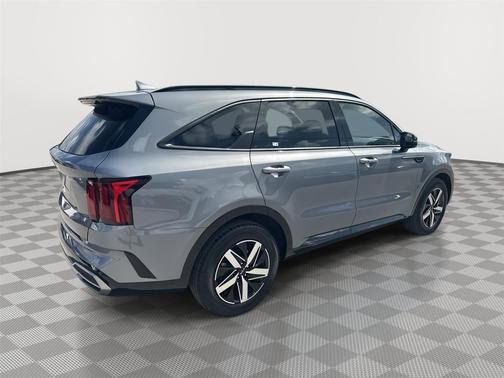 Everlasting Silver 2023 Kia Sorento S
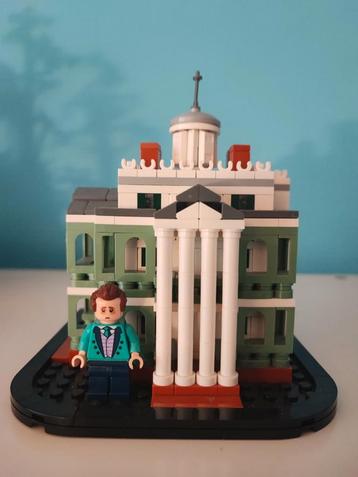 LEGO Disney Haunted Mansion 40521 beschikbaar voor biedingen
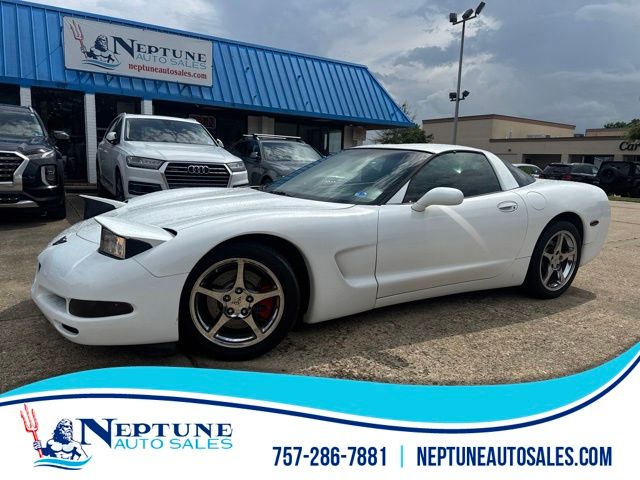 2004 Chevrolet Corvette Coupe RWD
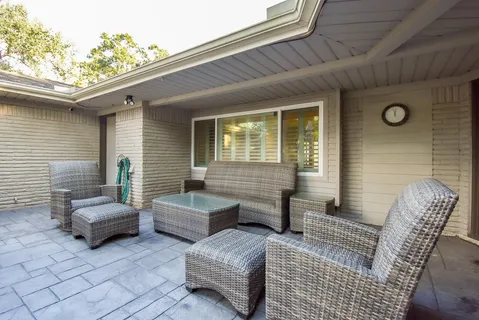 $670,000 | 5330 Jackwood Street, Houston, TX 77096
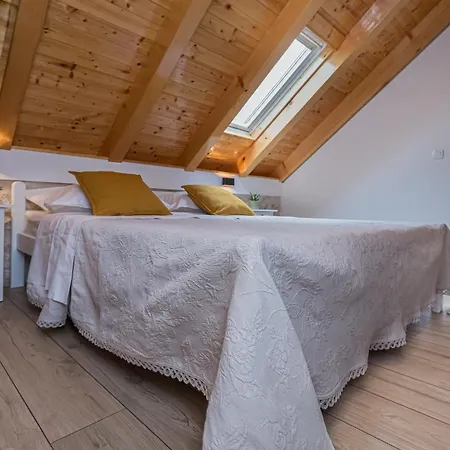 La Dolce - Duplex Stone * Blato na Cetini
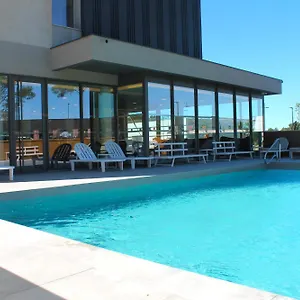 Hotel Adonis Le Castellet, Signes
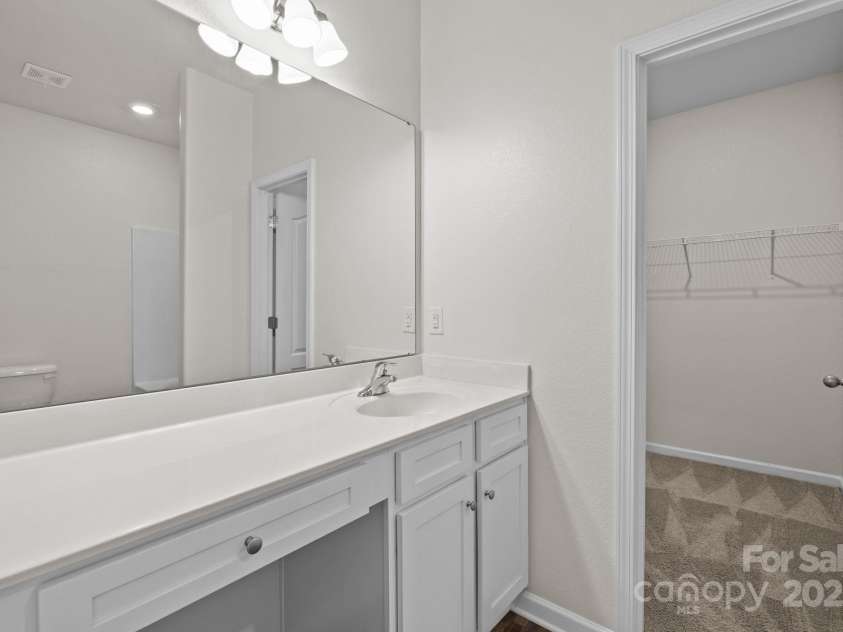 4019 Munson Drive, Charlotte, NC 28215.  MLS# CAR4282246, YatesRealty ID 32241.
========
YOUR INSTRUCTIONS:
Your task is to copy the entries in full and exactly, without any images.

RESPONSE AREA:
 Everlasting Silver 2023 Kia Sorento S
 LEGO Disney Haunted Mansion 40521 beschikbaar voor biedingen
 2004 Chevrolet Corvette Coupe RWD
 $670,000 | 5330 Jackwood Street, Houston, TX 77096
 La Dolce - Duplex Stone * Blato na Cetini
 Hotel Adonis Le Castellet, Signes
 4019 Munson Drive, Charlotte, NC 28215.  MLS# CAR4282246, YatesRealty ID 32241.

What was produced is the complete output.